Work instruction: The needed output is the run of lines below from the one containing "Puzzle 1000 Foxglove Cottage" through the one containing "of 8) Antique", copied exactly and free of pictures.

### Data section

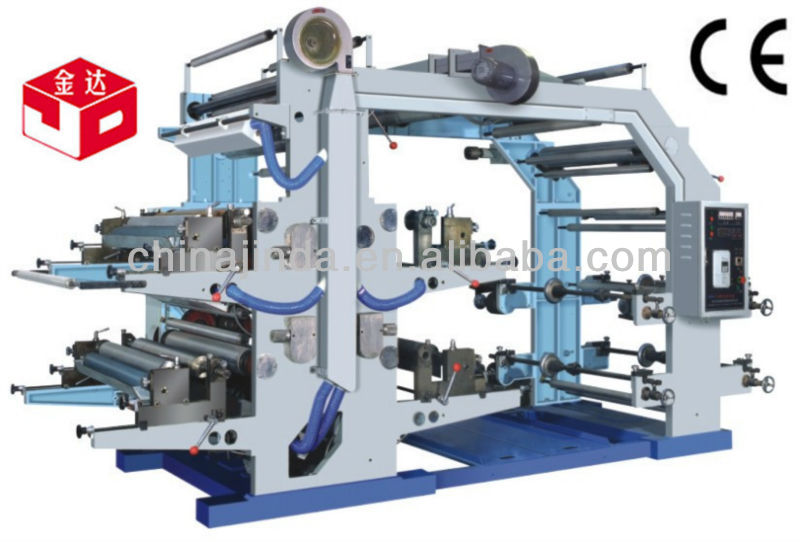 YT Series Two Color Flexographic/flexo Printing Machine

######
### Data section

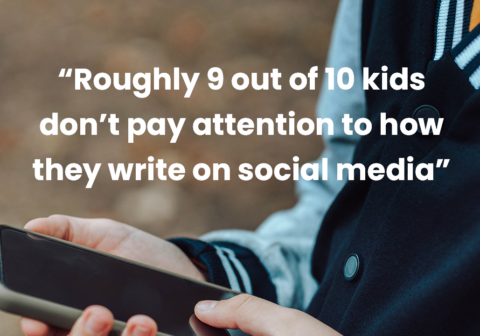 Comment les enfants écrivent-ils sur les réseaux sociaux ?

######
### Data section

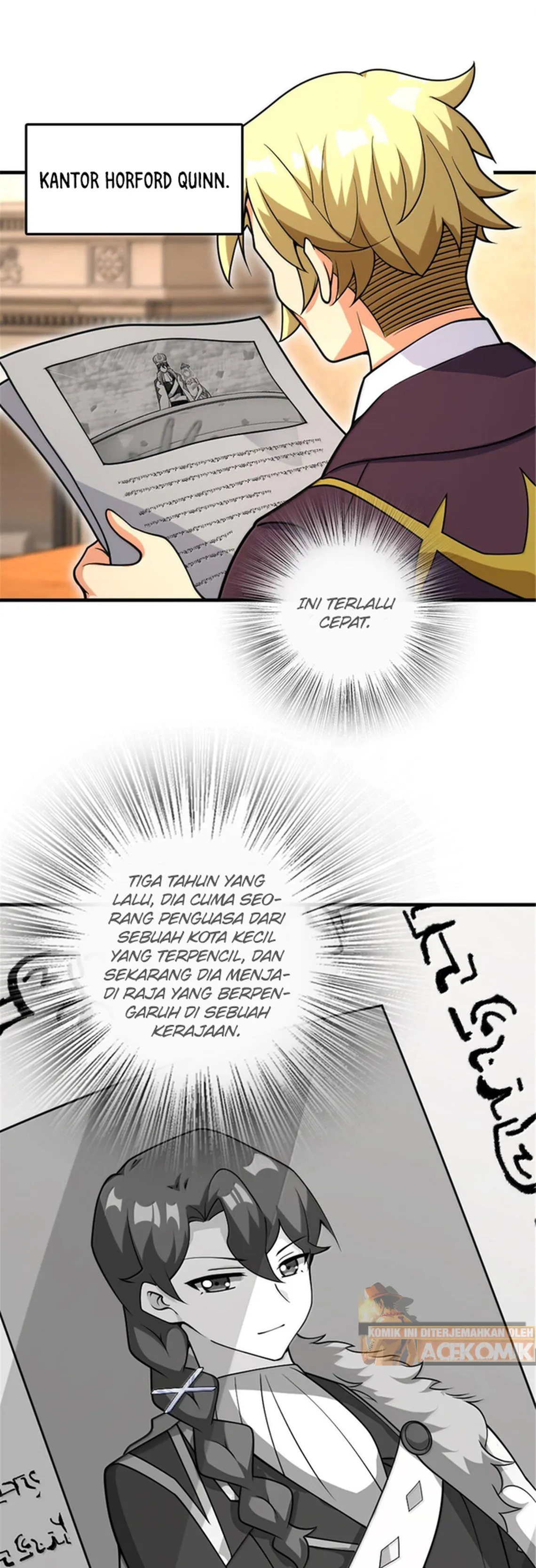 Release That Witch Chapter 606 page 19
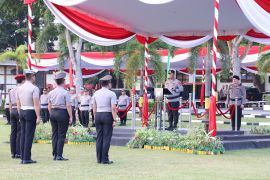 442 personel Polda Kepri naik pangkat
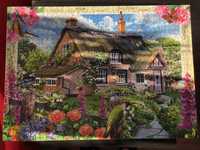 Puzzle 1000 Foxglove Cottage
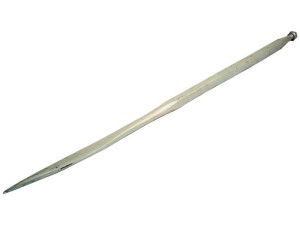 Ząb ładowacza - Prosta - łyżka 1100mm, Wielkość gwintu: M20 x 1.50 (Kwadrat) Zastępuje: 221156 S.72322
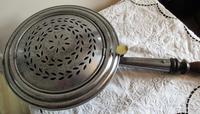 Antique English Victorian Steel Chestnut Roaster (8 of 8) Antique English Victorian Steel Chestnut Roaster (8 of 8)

######

Exercise response:
 Puzzle 1000 Foxglove Cottage
 Ząb ładowacza - Prosta - łyżka 1100mm, Wielkość gwintu: M20 x 1.50 (Kwadrat) Zastępuje: 221156 S.72322
 Antique English Victorian Steel Chestnut Roaster (8 of 8) Antique English Victorian Steel Chestnut Roaster (8 of 8)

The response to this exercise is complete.